Learn python for data analytics in one afternoon
Get started with data analytics in python. Learn from an experienced data scientist.
It’s Sunday afternoon. You start your new python job on Monday morning. During the interview, you managed to convince them that you know python. Now it’s time to actually learn a little bit of python - enough to survive your first week.
Aspiring data scientists might be laughing at the situation. Seasoned professionals know how common this scenario really is.
You might be thinking, “what’s so special about this python tutorial? There are bazillions of python tutorials on the internet.” It’s written by someone who has actually worked in the data analytics industry - who has a clue about what you might need to learn quickly. Competing articles might be written for resume building purposes. My resume is long enough without this article.
We will be using the “Bank Marketing” dataset from the UCI Machine Learning Repository.
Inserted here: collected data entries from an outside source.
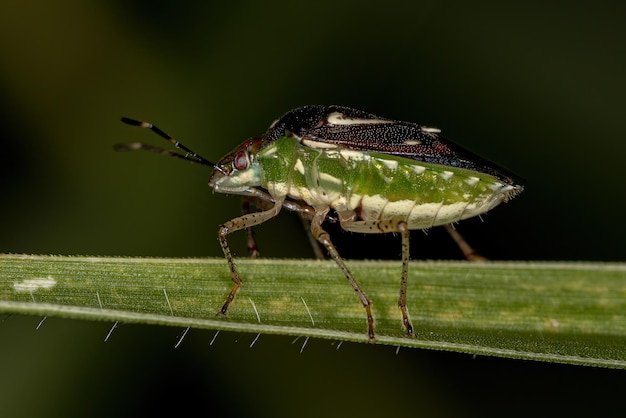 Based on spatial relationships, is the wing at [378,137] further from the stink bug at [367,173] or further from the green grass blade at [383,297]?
the green grass blade at [383,297]

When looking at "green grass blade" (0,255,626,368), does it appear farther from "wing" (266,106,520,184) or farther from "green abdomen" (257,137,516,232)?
"wing" (266,106,520,184)

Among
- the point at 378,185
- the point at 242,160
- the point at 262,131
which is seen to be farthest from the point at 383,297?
the point at 262,131

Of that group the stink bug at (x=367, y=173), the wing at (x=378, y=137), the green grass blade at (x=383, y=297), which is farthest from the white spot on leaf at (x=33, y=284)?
the wing at (x=378, y=137)

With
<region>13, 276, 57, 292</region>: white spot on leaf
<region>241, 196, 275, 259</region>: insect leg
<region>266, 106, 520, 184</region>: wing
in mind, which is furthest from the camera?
<region>241, 196, 275, 259</region>: insect leg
Grab the dataset now. It’s best if you follow along on your machine.
What’s Not Covered
I assume that you’re proficient in at least one other programming language. This tutorial does not cover variables, data types, flow control, functions, classes and anything that you will find in a generic “intro to programming” tutorial. You are here to learn what you need for data analysis - it’s not a first year computer science course.
I assume that you have already chosen how you will run your python code. Whether you will be copy-pasting into the REPL, using a notebook, executing your code from a file or something else. You have discovered that python uses indentation instead of brackets. Copy pasting indented code into the REPL does not always work too well - but I assume that you have it under control.
Sometimes installing a python package is easy as typing pip install mypackage in terminal. Other times it’s like solving a puzzle. I assume that you can debug python package installation on your specific machine when things go wrong. Or that you are using a python distribution that “just works” such as Anaconda.
For example, if you are using Ubuntu 18.04, then you will have to run the following command before setting up your virtual environment and installing python packages. sudo apt install python3-matplotlib
A Note on Notebooks
Notebooks solve the problem of pasting python code into terminal. Analytics requires trial and error. This means interactively iterating on your code. Each iteration may take you down that was not pre-planned. It is not feasible to implement pre-planned functionality, push it, close the ticket and then think about improvements - that’s engineering. Analytics is not engineering. Hence we need to run our code interactively. Either in a notebook or in a REPL (Interactive Mode). I prefer a REPL, your employer may force you to use a notebook.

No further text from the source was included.